The only thing the Republicans have to fear is fear itself.
If Ted Cruz can talk about FDR in his Super Tuesday "victory" speech, then I can mangle his quotes to talk about the 2016 Republican nomination contest. It's only fair.
Several candidates are still in the race. Cruz managed three victories Tuesday night, and Rubio enjoyed his first in the Minnesota caucuses. But things are looking good for Trump, and at least from my little corner of the internet, Republican elite panic is starting to seem like at least as significant a force as Trump himself. The #NeverTrump movement has opened up questions about whether they, like, really mean it. No one can quite get Chris Christie's disturbing speech last night out of their heads. Experts are starting to admit that a contested convention is possible. What is going on? What ever will Republicans do?
If we take a step back here and look at the rules of the process, the panic takes on a different character. Republicans underscore the narrative that their party is falling apart by panicking over Trump's continued success in the primaries. It's true that what's happening is in some ways disturbing and unprecedented, but there's something else: This is how the formal nomination rules actually work.
The nomination system was reformed so that rank-and-file party voters could choose presidential nominees, even — especially — if their preferences diverged from those of the party elites. These changes resulted from a conflict within the Democratic Party, but the Republican Party followed suit in its adoption of primaries. It's embraced democratization and decentralization of nominations, allowing states to make their own delegate allocation rules.
By now the "party Decides" debate is probably getting a bit tired, but I'll reiterate — the thesis of that book is that parties informally coordinate in order to get around the chaos of the formal rules. In a 2012 paper on informal institutions in the US, Jenny Smith and I took this argument a step further, suggesting that the unwritten rules of the invisible primary and the norms about candidates dropping out during the primaries help to coordinate across a complex nomination system in which states seek to frontload, parties seek a smooth selection of a unifying nominee, and the formal rules are designed to hand the reins to the voters.
We also note in this paper (and I noted in the FiveThirtyEight Super Tuesday live blog) that informal processes often stand in for formal ones, but are more susceptible to transgression and prone to disintegrate quickly under the right circumstances.
That seems to be what's happening now. But as I wrote on Tuesday night, what's amazing is how much everyone seems to have accepted the informal, elite-dominated set of rules as the operative ones. If we really believed that nominations are decided by a series of primaries, is it really so surprising that an insurgent candidate with money and name recognition could hijack them?

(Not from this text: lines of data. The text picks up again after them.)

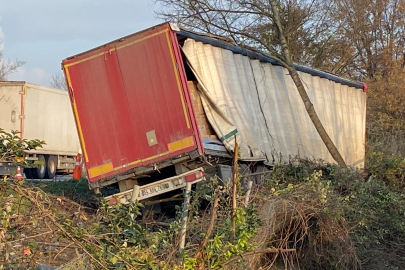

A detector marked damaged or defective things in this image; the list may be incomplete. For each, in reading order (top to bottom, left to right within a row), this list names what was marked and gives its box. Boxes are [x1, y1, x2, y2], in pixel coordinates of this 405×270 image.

crashed semi-trailer [0, 81, 82, 178]
crashed semi-trailer [60, 22, 366, 201]
damaged trailer [62, 21, 366, 202]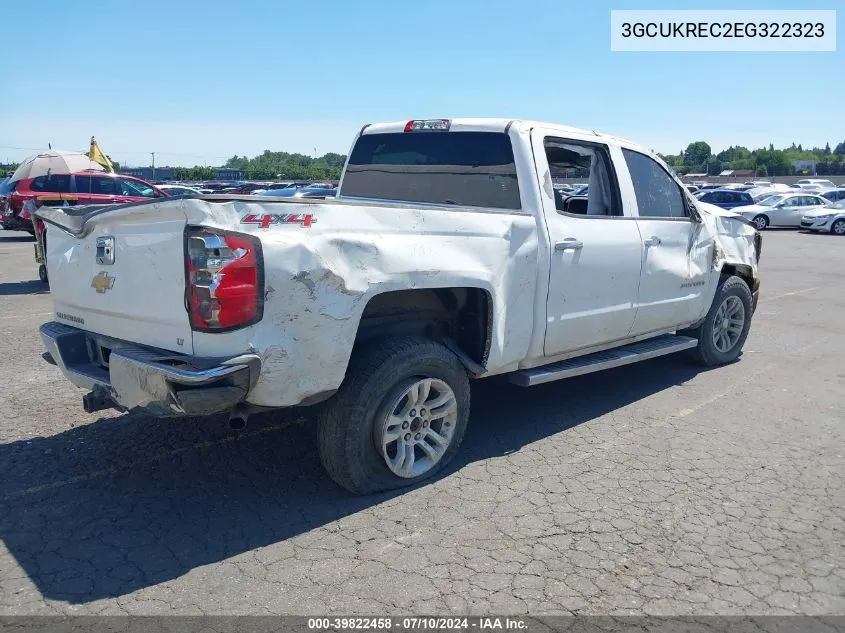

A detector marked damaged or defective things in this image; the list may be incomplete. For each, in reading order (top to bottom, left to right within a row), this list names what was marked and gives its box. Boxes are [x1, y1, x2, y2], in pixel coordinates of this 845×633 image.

damaged rear quarter panel [187, 198, 536, 404]
cracked asphalt [0, 230, 840, 616]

If I were advising the Republican Party right now (and, who knows — as Dan Drezner hypothesizes, maybe they listen to political scientists), I'd get out in front of the apparent disjuncture between elites and voters. The party organization makes its own nomination rules, after all. Obama didn't impose them by executive order. What if mainstream Republicans — the ones who lined up behind Bush, Christie, and Rubio — simply said, "This is not our top choice. But this candidate is winning according to our rules, he's appealing to our voters, and we'll deal with it as best we can."
There's often much fuss about democracy within parties, focused almost entirely on how much influence voters have on nominations. But functioning democracy is so much more than that — it requires transparency, rules that are evenly applied, and respect for the process even when you don't like the outcome. Both national party committees routinely fail to meet these conditions.

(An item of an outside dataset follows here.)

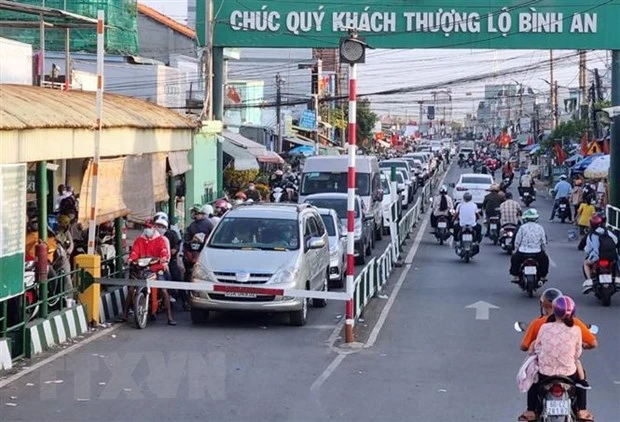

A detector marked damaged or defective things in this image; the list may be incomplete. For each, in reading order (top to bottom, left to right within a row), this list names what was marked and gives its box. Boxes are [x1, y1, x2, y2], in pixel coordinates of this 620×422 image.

rusty metal roof [0, 85, 197, 131]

In disavowing Trump's ideas, Republican leaders also throw their own primary voters, and the process that empowers them to choose the nominee, under the bus. They're revealing that they never believed in that process much to begin with — either as a matter of how things work or how they should work. That Trump can apparently insult individuals and groups day after day and gain more support tells us quite a bit about American politics that perhaps we didn't want to know. He's also winning under the established rules of the game, and no one is more shocked than the people who made those rules. That might tell us even more.